## Exercise
From the line containing "Protext treningsbok 64" to the last line of the data, both included, transcribe each line exactly, leaving out pictures and adding nothing.

## Given records
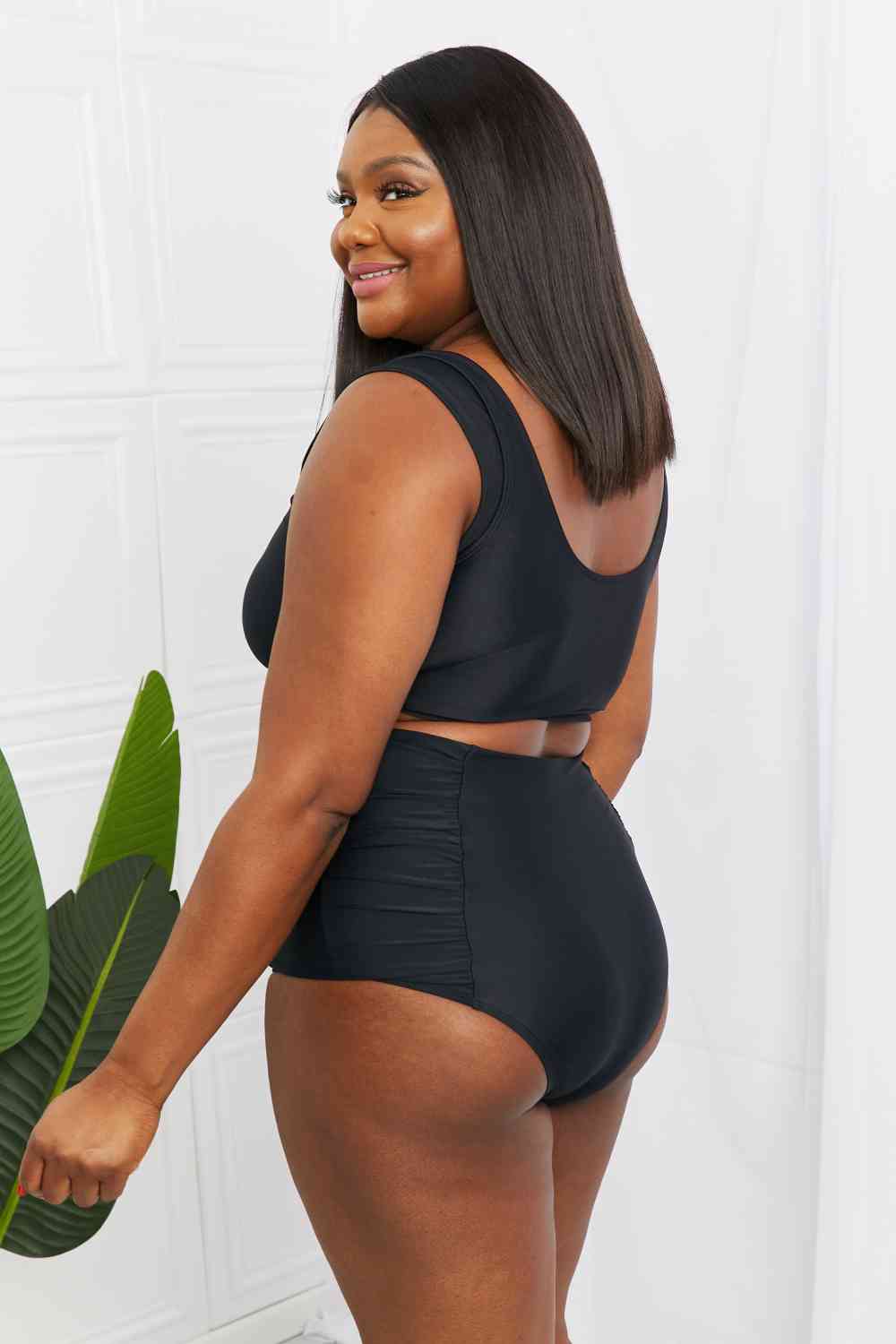 Swim Top and Ruched Bottoms Set in Black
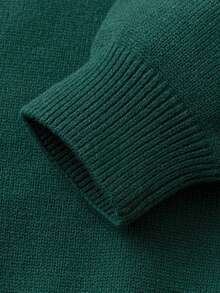 mini bala Young Girl Cute Knit Sweater 2025 Autumn Warm Soft Pullover - Dark Green - View 5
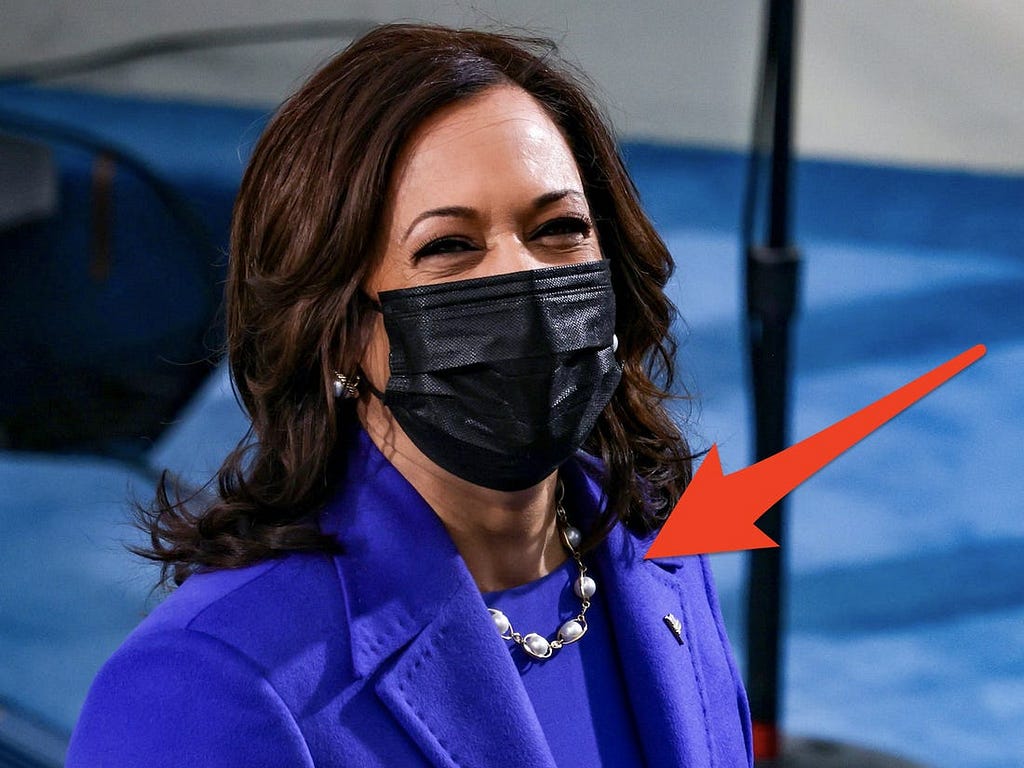 Kamala Harris wore a custom pearl necklace.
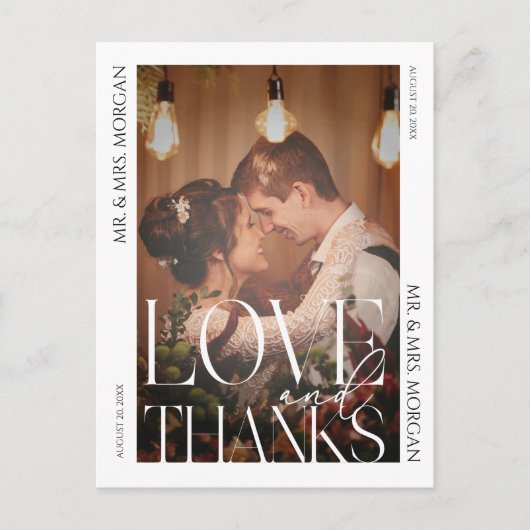 Typografie Overlay Text Photo | Bruiloft dank u Briefkaart (Voorkant)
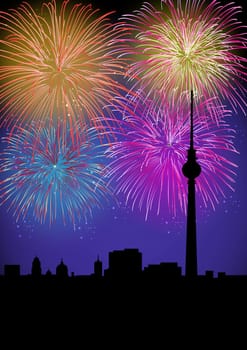 Happy New Year fiireworks Berlin city night TV tower silhouette scene. EPS10 vector with transparencies layered for easy manipulation and customisation.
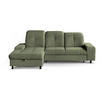 ECKSCHLAFSOFA Leon L Grün - Schwarz/Grün, Kunststoff/Textil (255/120cm) - Beautysofa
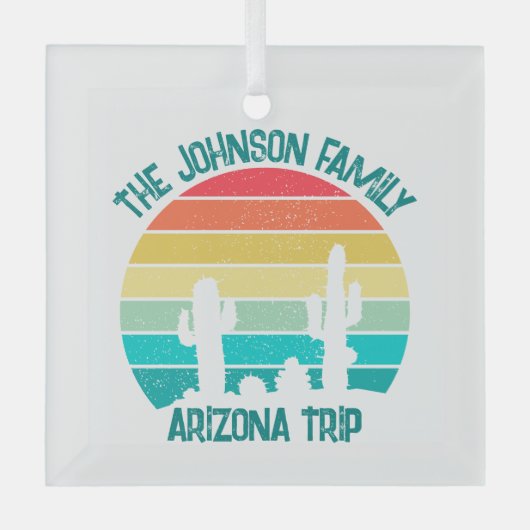 Arizona Desert Cactus Sunset gepersonaliseerd Glas Ornament (Voorkant)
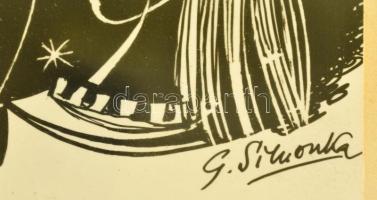 Simonka jelzéssel: Angyal, tus, papír, üvegezett fa keretben, 11×16 cm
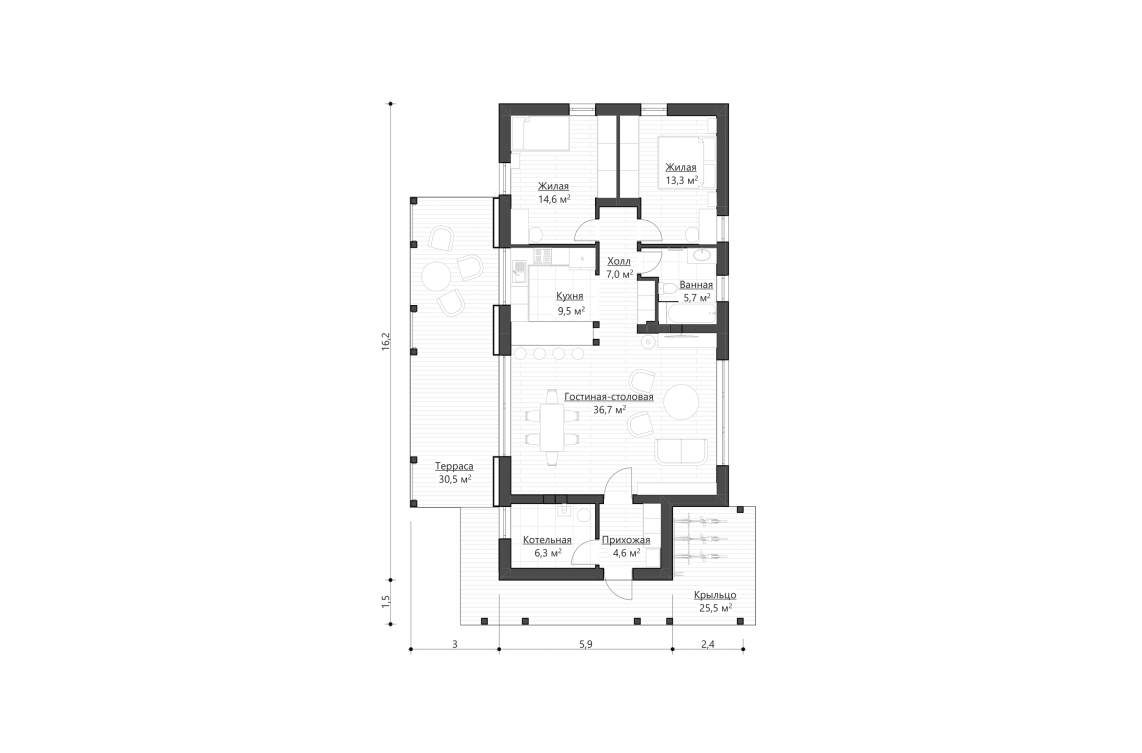 Планировочное решение 98 м²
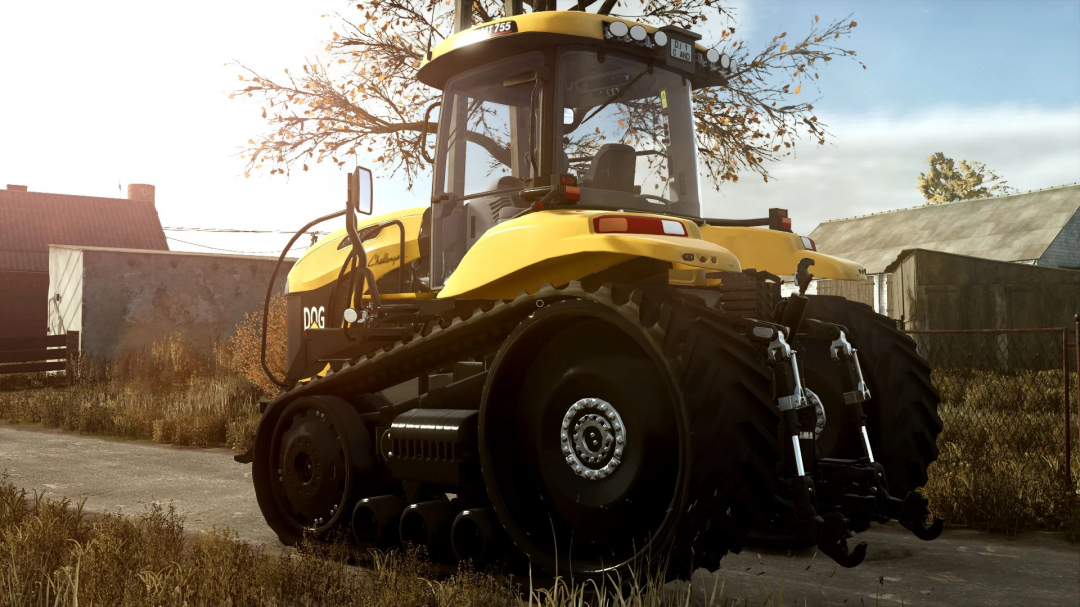 Challenger MT700 tractor mod in FS25, showcasing its detailed design in a rural setting.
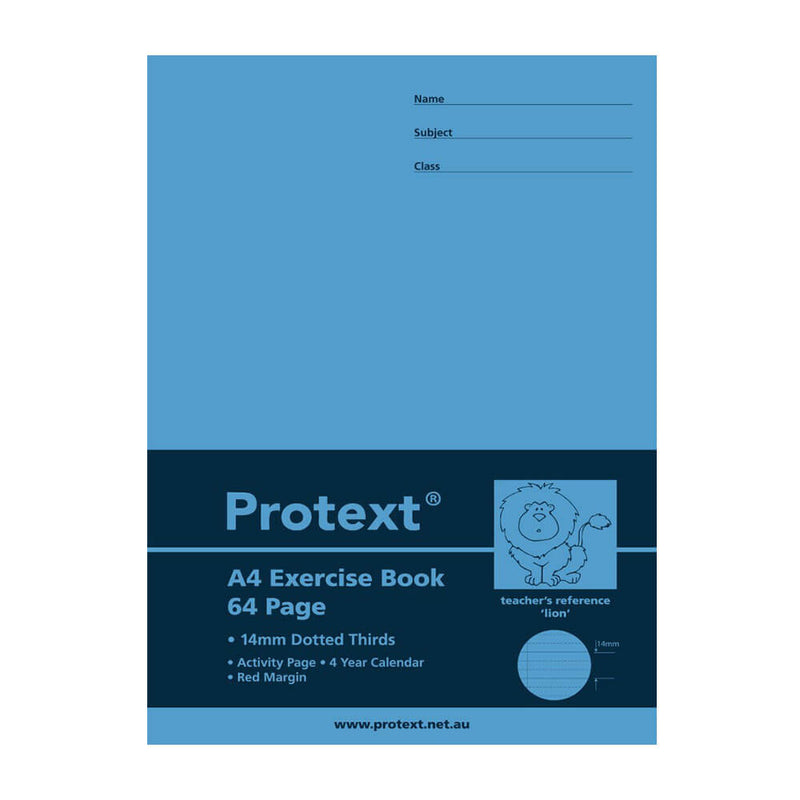 Protext treningsbok 64 sider med stiplet linje (A4)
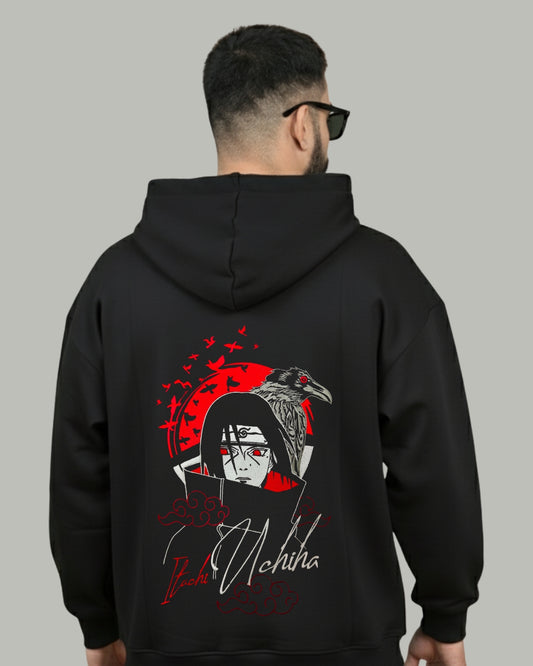 Itachi Uchiha Crow Embroidered Hoodie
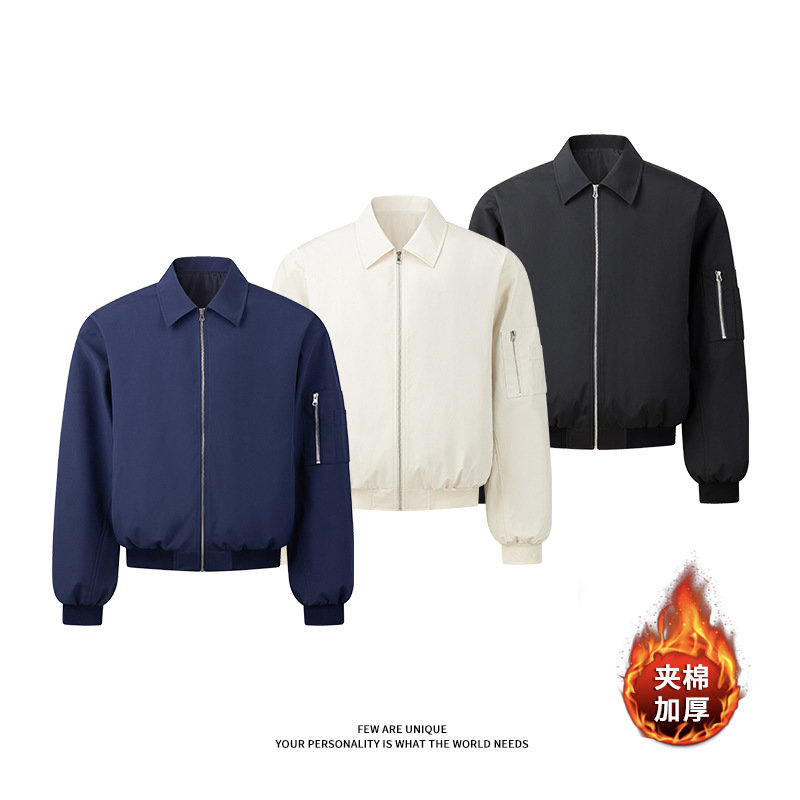 夹棉夹克男冬季新款加厚保暖短款飞行服棉服复古潮流宽松休闲外套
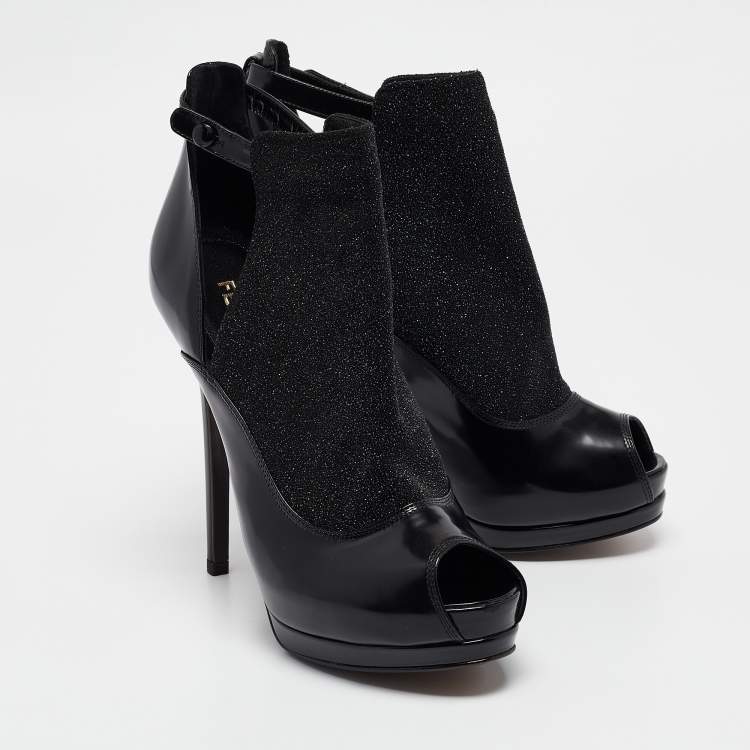 Pre Owned Fendi Black Leather and Glitter Peep Toe Platform Booties Size 38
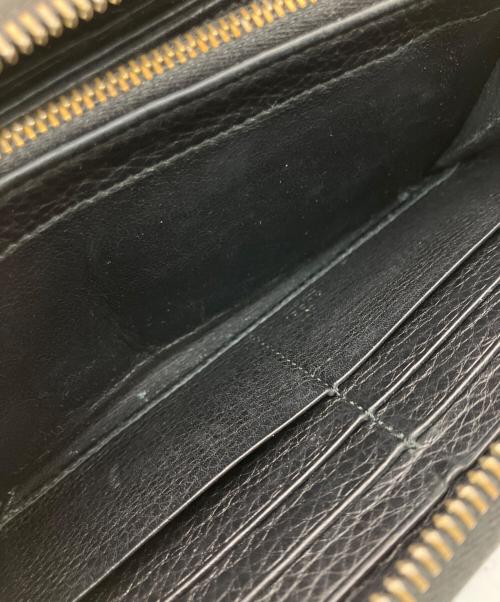 GUCCI（グッチ）GUCCI (グッチ) ラウンドファスナー長財布 ブラックの古着・服飾アイテム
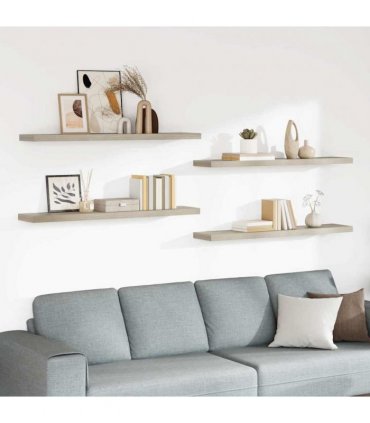 vidaXL Floating Wall Shelves 4 pcs Oak 120x23,5x3,8 cm MDF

## Exercise answer
 Protext treningsbok 64 sider med stiplet linje (A4)
 Itachi Uchiha Crow Embroidered Hoodie
 夹棉夹克男冬季新款加厚保暖短款飞行服棉服复古潮流宽松休闲外套
 Pre Owned Fendi Black Leather and Glitter Peep Toe Platform Booties Size 38
 GUCCI（グッチ）GUCCI (グッチ) ラウンドファスナー長財布 ブラックの古着・服飾アイテム
 vidaXL Floating Wall Shelves 4 pcs Oak 120x23,5x3,8 cm MDF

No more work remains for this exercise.